All of these position coaches deserve a look.

Pittsburgh Steelers v Carolina Panthers Photo by Jacob Kupferman/Getty Images

With the Raiders hiring away Gus Bradley to be their new defensive coordinator, the Chargers look to be headed towards a complete overhaul of the coaching staff.

The Bolts, despite having a number of significant injuries on that side of the ball, still finished as a top-10 defense in the NFL.

While they may lose a player or two during this upcoming offseason, there will still be a ton of youth and potential that any coach would love to get his hands on.
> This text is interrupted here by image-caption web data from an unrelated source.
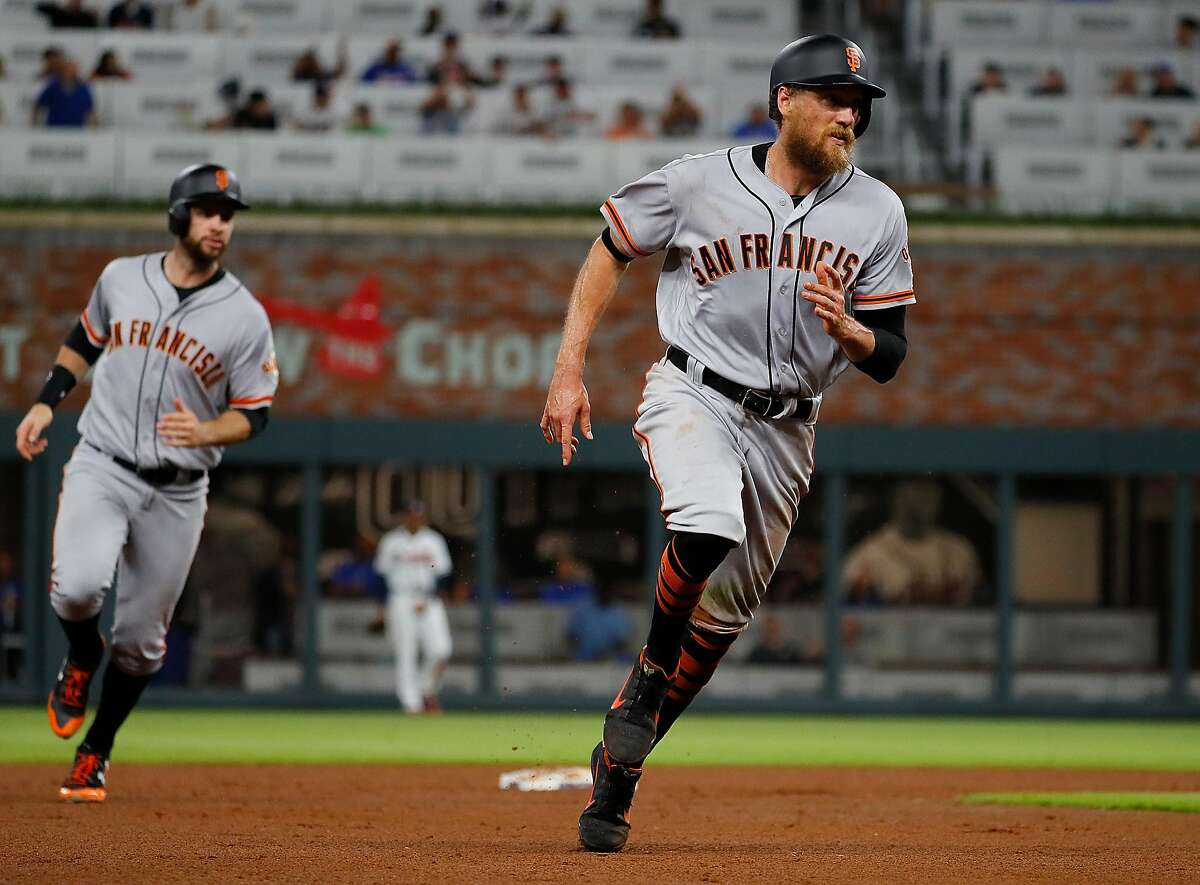 ATLANTA, GA - JUNE 20: Hunter Pence #8 of the San Francisco Giants rounds third base in front of Brandon Belt #9 on a three-run homer hit by Austin Slater #53 in the eighth inning against the Atlanta Braves at SunTrust Park on June 20, 2017 in Atlanta, Georgia. (Photo by Kevin C. Cox/Getty Images)
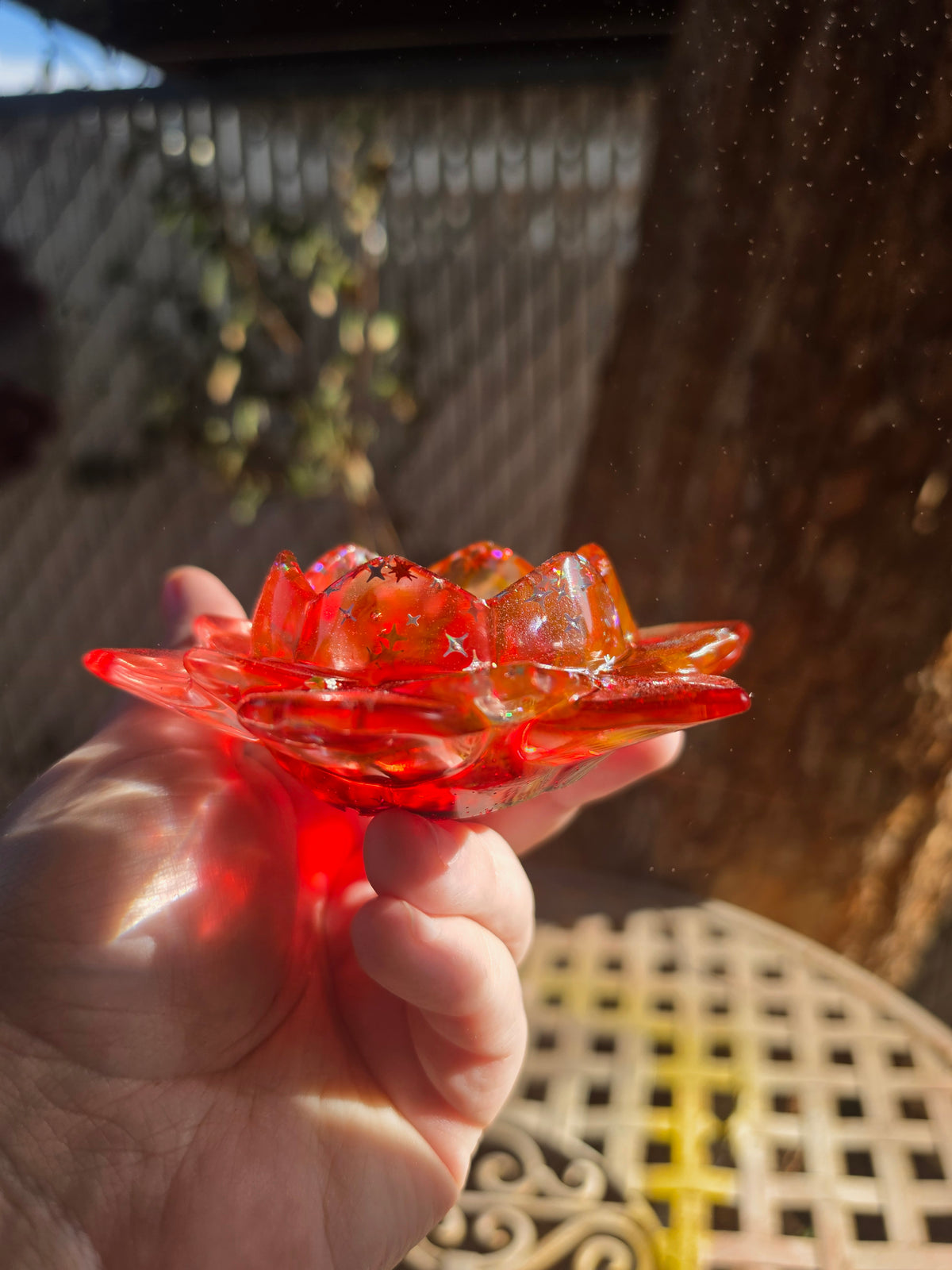 Side angle of crimson lotus resin dice throne showing two tiers of petals glowing in sunlight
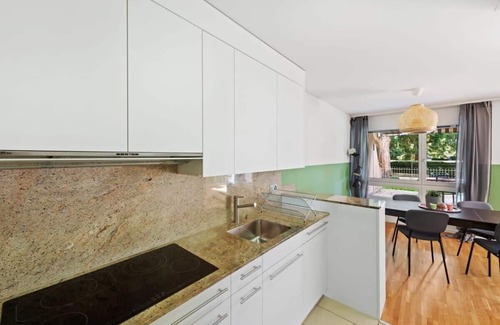 District 8 Apartment | Vibrant View: Sunlit Splendor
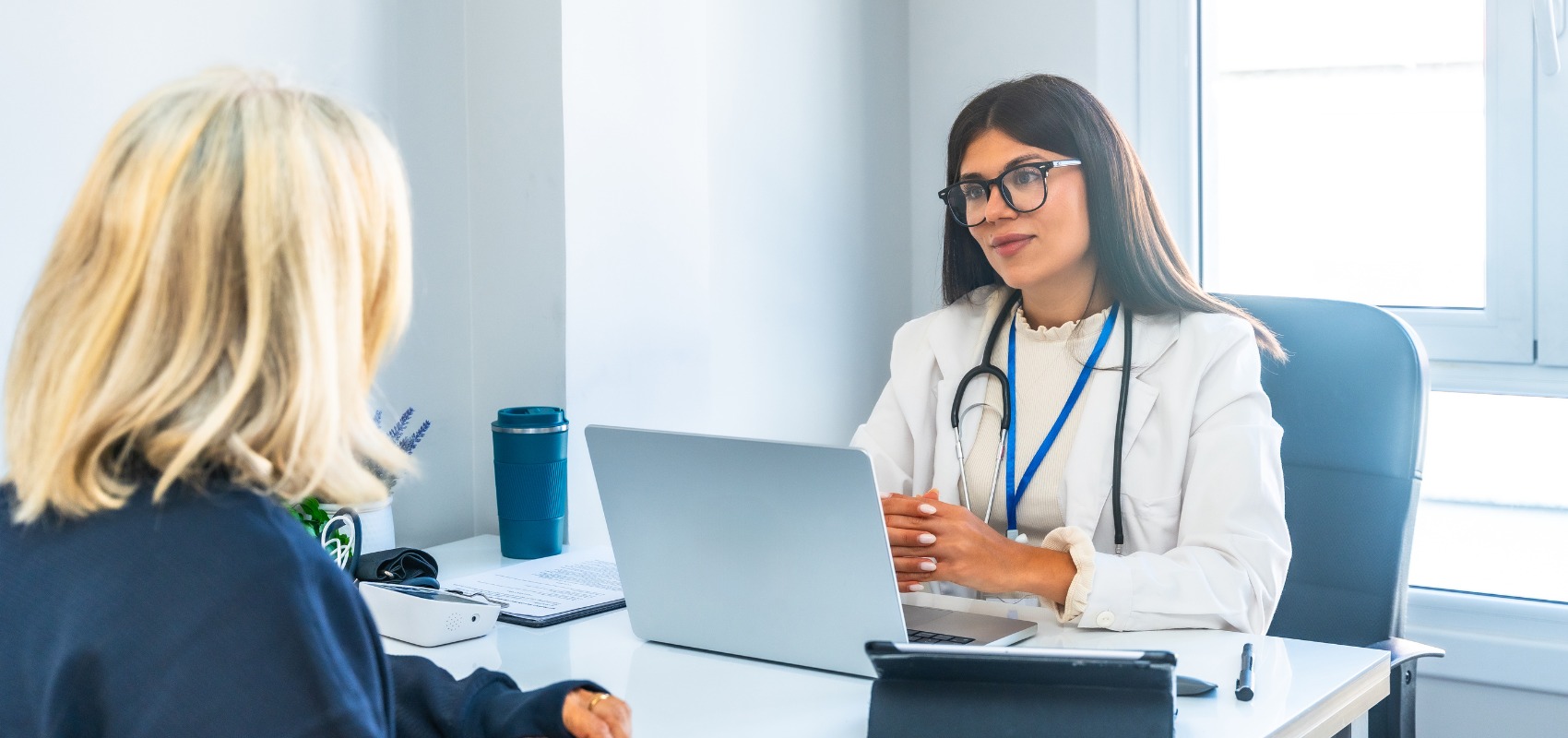 A female doctor listens attentively to a patient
With that in mind, here are three position coaches from around the NFL that I believe could be great fits for the Chargers moving forward into 2021.

Saints DB coach Aaron Glenn

Including 2020, Glenn has 24 years of coaching and front office experience and has more than enough under his belt to earn a defensive coordinator position in the NFL. In his fourth year as the defensive backs coach for the Saints, Glenn had five players record multiple interceptions and four players record double-digit pass breakups. Comparatively, the Chargers only had one player with either three-plus picks and/or 10+ pass breakups and that was cornerback Michael Davis.

Glenn has been crucial in the development of both cornerback Marshon Lattimore and safety Marcus Williams. As a rookie, Lattimore recorded a career-high five picks and has just one year in four that he’s finished without double-digit takeaways. The same goes for Williams. The former second round pick had four interceptions as a rookie and has followed that up with two, four, and three picks in the past three seasons, respectively.

Without Derwin James, the secondary is just not up to par. This unit had too much talent in 2020 to fall flat the way they did and I’d expect Glenn to be a guy to turn that around if given the chance.

Steelers DL coach Karl Dunbar

For the first half of the 2020 season, the Steelers defense was playing like an all-time unit. You couldn’t even begin to try and run the ball against them and trying to sit comfortably in the pocket was never an option, either. Their recent domination is thanks in large part to Dunbar who just completed his third year in charge of the defensive line.

This season, if it wasn’t for Bud Dupree missing the final five games of the season, the Steelers could have potentially boasted three different players with double-digit sacks. In his 11 games, Dupree had eight sacks while T.J. Watt led the NFL with 15 and Stephon Tuitt chipped in 11 more.

Prior to re-entering the NFL in 2018, Dunbar spent a pair of seasons coaching the defensive line at the University of Alabama. During his tenure in Tuscaloosa, he developed first-rounders Da’Ron Paryne and Jonathan Allen, as well as day two picks Da’Shawn Hand (fourth round) and Dalvin Tomlinson (second round).

All Dunbar knows is how to create intimidating, havoc-wreaking defensive fronts that cause disruption at elite rates. Seeing how underwhelming the pass rush was for the Chargers this past season, I’d welcome Dunbar with open arms.

Rams DL coach Eric Henderson

Now this last one is of the younger variety compared to Glenn and Dunbar, but he’s a former Chargers assistant so there’s already a familiarity with some of the players on the team. Henderson made his NFL coaching debut as the team’s defensive line coach back in 2017 when he helped the Chargers finish fifth in the NFL with 43 sacks, including a career-high 12.5 sacks for Joey Bosa.

After two years with the Bolts, Henderson was hired by the other Los Angeles team for the same position. In 2019, the Rams finished fourth in the league with 50 sacks. In 2020, the Rams increased their total 53 with both Aaron Donald (13.5) and Leonard Floyd (10.5) recording double-digits takedowns. In all, the Rams had four players finish with at least five sacks in 2020 while the Chargers had just one (Bosa).

What Henderson was able to do with Floyd, specifically, is quite notable. The former first round pick in 2016 had seven sacks his rookie season in Chicago but couldn’t ever get back to that number over his final three seasons. In just one season under Henderson, Floyd smashed his former high mark and looks everything like the player the Bears hoped he would be in the Windy City.

Henderson might be a few years away from truly being worthy of a coordinator position, but I personally wouldn’t mind the team kicking the tires on a young coach who already has experience with the team’s best players on the defensive side of the ball.